Moscow, Russia
Reuters
Temperatures in parts of Siberia plummeted to minus 56 degrees Celsius on Monday while blizzards blanketed Moscow in record snowfall and disrupted flights as winter weather swept across Russia.
In the Sakha Republic, located in the north-eastern part of Siberia and home to Yakutsk, one of the world’s coldest cities, temperatures fell below minus 50 degrees, according to the region’s weather stations.
A communal worker cleans snow at the Exhibition of Achievements of National Economy (VDNH) during a heavy snowfall in Moscow, Russia, on 3rd December, 2023. PICTURE: Reuters/Maxim Shemetov
In Oymyakon, an area in Sakha, the temperature was recorded at minus 56 degrees Celsius on Monday evening.
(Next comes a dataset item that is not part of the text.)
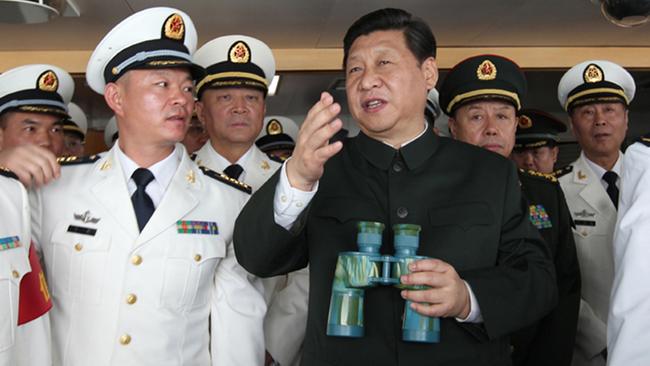 Chinese President Xi Jinping inspects a Chinese Haikou Type 052C destroyer.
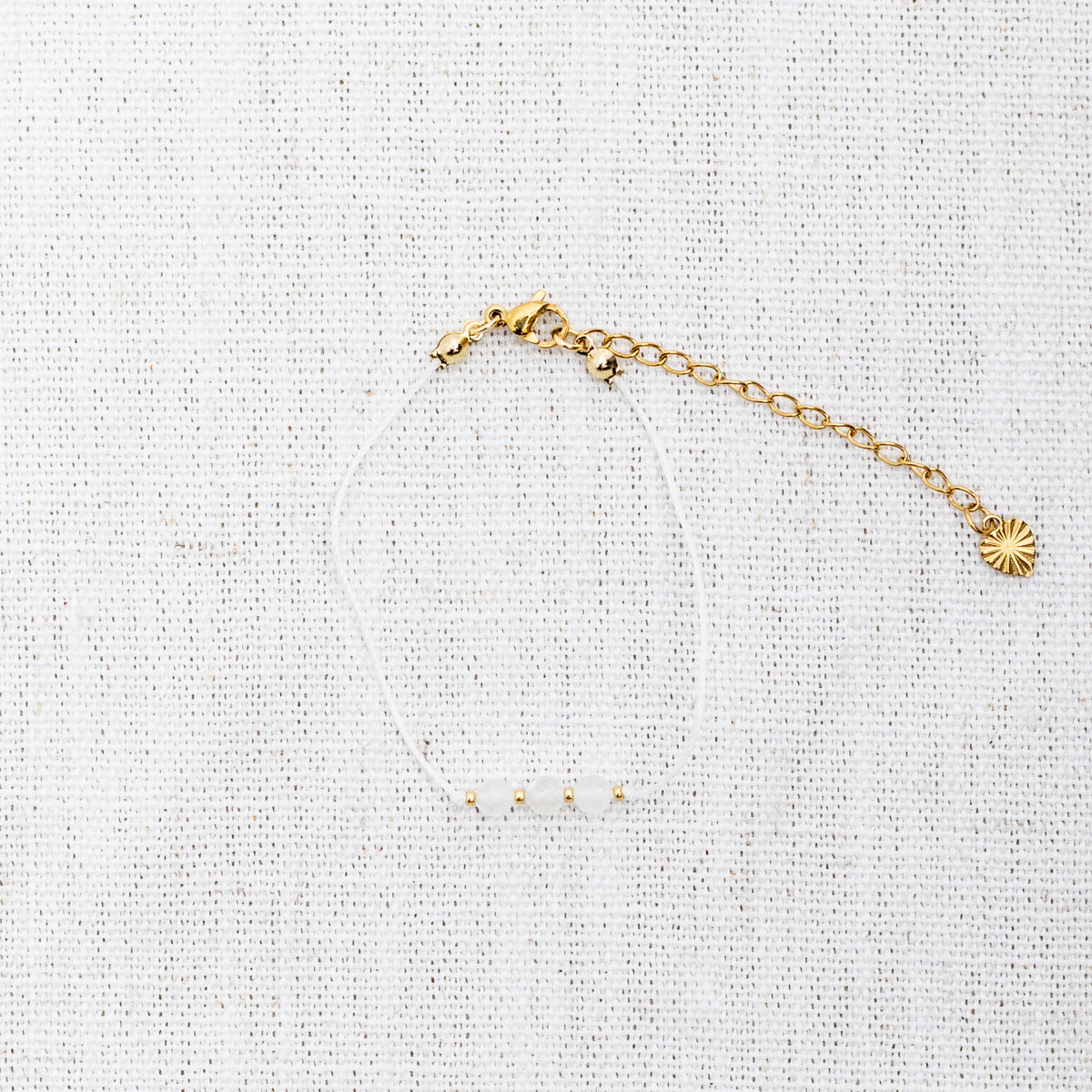 Intuitive Charms Selene's Mist Moonstone Braided natural Crystal beaded custom Bracelet in gold and white cord and clasp extension on a light fabric background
Russian forecasters said it would feel like more than minus 60 degrees Celsius in Oymyakon given the wind and humidity and that temperatures would fall further overnight.
“In the European part of Russia, in the Urals and Siberian territories, the frost is expected to increase in the first week of December,” Russia’s national meteorological service said.
Almost all of Sakha is located in the permafrost zone. In the region’s capital, Yakutsk, which lies some 5,000 km east of Moscow, the temperature was around minus 44 degrees to minus 47 degrees.
Temperatures of minus 50 degrees have become less common in recent years because of climate change, with permafrost showing increasing signs of thawing.
In the Russian capital, some of the biggest snowfalls ever seen on 3rd December left swathes of Moscow blanketed in drifts of more than 35 cm of snow in just one day.
Flights were delayed at some of Moscow’s airports.
Temperatures in Moscow and the region around the capital were forecast to fall to about minus 20 degrees later this week. In the Urals, temperatures are forecast to fall to minus 40 degrees this week.